Ainsi, malgré son aspect à priori “collage” tardif, GITS 1.5 présente une réelle continuité tout en approfondissant l’univers de la Section 9 sans le Major. Et puis surtout ce manga ne finit pas en laissant le lecteur “en plan” puisque les différentes enquêtes proposées trouvent leurs résolutions. On aurait aimé avoir plus de chapitres, une plus grande proximité avec le récit de GITS 2 MMI et l’auteur lui-même avoue qu’il avait en réserve une vingtaine d’histoires concernant la Section 9, mais pour partie certaines ont été abandonnées tandis que d’autres étaient réutilisées comme matière pour les séries TV produites par Production IG. Plus qu’a attendre un éventuel GITS 2.5 ou une méta compilation nommée GITS 3,14 pour espérer retrouver toutes ces histoires sur un support papier. Il reste ques les amateurs de SHIROW qui se plaignent habituellement de la faible production de ce dernier en matière de manga tourveront dans ce nouveau vieux GITS de quoi adoucir leur frustration.

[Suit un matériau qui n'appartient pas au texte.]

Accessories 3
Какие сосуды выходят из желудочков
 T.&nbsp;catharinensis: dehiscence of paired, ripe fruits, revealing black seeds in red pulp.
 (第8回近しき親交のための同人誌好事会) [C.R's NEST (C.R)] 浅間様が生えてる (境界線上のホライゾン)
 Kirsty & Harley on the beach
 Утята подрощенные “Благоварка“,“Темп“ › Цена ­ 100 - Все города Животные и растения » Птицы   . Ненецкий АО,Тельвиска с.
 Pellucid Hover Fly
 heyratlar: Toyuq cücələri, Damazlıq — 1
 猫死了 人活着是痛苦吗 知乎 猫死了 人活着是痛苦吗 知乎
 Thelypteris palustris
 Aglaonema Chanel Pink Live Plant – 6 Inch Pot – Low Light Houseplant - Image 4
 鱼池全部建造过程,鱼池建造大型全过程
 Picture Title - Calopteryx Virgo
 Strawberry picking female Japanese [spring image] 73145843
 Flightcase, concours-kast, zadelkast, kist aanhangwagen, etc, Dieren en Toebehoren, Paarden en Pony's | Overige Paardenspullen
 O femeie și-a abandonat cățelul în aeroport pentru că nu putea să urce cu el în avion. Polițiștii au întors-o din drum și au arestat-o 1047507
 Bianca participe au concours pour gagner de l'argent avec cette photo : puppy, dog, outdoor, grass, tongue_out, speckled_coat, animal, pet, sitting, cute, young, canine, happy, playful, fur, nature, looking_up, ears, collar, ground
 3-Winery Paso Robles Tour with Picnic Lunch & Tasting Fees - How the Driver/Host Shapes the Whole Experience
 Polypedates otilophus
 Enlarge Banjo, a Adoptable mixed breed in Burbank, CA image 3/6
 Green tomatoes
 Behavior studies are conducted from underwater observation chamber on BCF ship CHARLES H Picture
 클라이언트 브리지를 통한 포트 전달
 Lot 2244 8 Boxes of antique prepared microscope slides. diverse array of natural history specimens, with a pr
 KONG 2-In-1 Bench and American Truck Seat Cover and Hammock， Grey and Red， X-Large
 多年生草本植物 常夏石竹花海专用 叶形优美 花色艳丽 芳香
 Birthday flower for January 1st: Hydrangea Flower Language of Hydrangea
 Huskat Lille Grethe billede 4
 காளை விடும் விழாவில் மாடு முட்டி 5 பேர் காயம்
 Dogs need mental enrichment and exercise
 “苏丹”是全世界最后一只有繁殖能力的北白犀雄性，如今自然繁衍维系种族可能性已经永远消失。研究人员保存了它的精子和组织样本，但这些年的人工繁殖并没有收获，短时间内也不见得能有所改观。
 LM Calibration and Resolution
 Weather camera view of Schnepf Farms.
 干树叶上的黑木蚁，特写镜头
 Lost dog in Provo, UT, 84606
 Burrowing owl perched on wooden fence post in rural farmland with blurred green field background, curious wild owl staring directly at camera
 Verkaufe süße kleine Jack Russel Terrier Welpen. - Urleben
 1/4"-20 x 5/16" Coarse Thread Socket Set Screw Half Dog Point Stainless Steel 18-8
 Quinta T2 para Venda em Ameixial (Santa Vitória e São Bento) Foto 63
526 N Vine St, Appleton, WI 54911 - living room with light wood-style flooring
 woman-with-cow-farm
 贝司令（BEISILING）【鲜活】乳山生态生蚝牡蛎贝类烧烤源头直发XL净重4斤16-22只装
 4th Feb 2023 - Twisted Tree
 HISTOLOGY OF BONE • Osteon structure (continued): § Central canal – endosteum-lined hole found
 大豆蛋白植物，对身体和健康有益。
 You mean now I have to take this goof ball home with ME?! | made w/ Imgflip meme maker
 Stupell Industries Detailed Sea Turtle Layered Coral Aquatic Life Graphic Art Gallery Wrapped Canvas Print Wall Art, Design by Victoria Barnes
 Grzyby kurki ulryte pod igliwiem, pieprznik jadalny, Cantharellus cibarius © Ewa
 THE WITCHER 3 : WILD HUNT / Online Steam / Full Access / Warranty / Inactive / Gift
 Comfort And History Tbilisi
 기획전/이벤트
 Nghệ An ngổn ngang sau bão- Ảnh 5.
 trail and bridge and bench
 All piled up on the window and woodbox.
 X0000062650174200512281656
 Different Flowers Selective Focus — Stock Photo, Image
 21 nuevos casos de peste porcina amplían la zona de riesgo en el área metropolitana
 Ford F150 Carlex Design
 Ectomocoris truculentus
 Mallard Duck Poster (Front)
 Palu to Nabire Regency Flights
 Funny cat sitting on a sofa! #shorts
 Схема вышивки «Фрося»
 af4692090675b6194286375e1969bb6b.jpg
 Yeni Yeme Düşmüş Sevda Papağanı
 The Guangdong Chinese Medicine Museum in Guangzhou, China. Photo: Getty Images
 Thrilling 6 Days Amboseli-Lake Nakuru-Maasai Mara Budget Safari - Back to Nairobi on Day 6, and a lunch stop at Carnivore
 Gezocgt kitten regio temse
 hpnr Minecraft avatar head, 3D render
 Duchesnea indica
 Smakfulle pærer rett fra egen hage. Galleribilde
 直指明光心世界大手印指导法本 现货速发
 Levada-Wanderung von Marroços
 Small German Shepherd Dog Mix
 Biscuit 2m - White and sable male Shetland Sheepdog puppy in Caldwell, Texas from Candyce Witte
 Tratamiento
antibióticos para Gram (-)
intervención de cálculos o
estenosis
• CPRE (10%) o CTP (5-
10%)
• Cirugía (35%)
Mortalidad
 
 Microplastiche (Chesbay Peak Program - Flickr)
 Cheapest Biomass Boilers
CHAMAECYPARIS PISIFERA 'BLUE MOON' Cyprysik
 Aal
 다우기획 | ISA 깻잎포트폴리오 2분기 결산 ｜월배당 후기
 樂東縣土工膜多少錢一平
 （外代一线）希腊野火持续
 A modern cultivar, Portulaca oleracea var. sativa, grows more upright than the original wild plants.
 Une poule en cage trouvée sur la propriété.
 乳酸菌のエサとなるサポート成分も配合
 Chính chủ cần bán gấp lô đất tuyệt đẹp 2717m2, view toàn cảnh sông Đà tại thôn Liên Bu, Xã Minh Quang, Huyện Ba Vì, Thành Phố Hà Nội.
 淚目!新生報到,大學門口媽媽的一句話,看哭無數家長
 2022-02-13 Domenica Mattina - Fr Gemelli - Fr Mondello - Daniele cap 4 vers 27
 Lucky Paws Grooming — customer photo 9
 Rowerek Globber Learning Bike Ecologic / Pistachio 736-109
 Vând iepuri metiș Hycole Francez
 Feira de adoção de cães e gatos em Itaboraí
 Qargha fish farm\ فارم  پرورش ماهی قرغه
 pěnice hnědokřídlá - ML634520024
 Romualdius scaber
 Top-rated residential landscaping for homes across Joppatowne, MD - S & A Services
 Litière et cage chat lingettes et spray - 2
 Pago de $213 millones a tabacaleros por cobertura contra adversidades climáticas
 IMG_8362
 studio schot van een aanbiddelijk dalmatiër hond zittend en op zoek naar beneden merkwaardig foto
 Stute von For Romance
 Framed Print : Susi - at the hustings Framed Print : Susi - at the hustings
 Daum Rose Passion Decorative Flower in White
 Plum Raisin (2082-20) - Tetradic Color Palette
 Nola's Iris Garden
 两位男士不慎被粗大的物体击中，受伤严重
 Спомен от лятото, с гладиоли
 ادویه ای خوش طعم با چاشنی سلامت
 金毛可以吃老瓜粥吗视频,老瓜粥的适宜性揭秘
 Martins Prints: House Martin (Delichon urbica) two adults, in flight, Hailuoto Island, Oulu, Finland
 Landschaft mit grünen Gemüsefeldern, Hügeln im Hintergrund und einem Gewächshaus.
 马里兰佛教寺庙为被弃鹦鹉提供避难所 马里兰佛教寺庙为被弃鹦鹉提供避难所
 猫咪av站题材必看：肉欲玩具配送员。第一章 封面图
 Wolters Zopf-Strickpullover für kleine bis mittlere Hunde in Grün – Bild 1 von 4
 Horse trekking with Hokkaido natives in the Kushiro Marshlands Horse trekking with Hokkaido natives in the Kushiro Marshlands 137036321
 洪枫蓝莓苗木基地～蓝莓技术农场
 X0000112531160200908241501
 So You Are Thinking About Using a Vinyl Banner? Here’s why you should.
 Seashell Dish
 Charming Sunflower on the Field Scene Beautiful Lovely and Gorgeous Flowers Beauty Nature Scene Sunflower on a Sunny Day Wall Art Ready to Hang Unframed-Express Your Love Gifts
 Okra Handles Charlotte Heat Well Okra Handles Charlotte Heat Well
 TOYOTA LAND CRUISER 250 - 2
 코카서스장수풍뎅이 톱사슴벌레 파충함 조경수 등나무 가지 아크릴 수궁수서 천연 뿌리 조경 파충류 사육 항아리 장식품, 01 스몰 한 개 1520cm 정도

Et puis le style graphique tout comme la narration, plus proches du premier manga GITS, feront probablement le bonheur de ceux qui regrettaient un peu la qualité de son travail en noir & blanc.
Il ne manque plus qu’une édition française digne de ce nom, avec ou sans le E-Manga (le CD-rom vendu avec GITS 1.5 qui propose le manga en format électronique, une expérience de lecture intéressante mais dispensable), pour que les non japonisant et les non hispanisant puissent enfin goûter à ce GITS « mineur » mais indispensable et tout aussi passionant que les autres.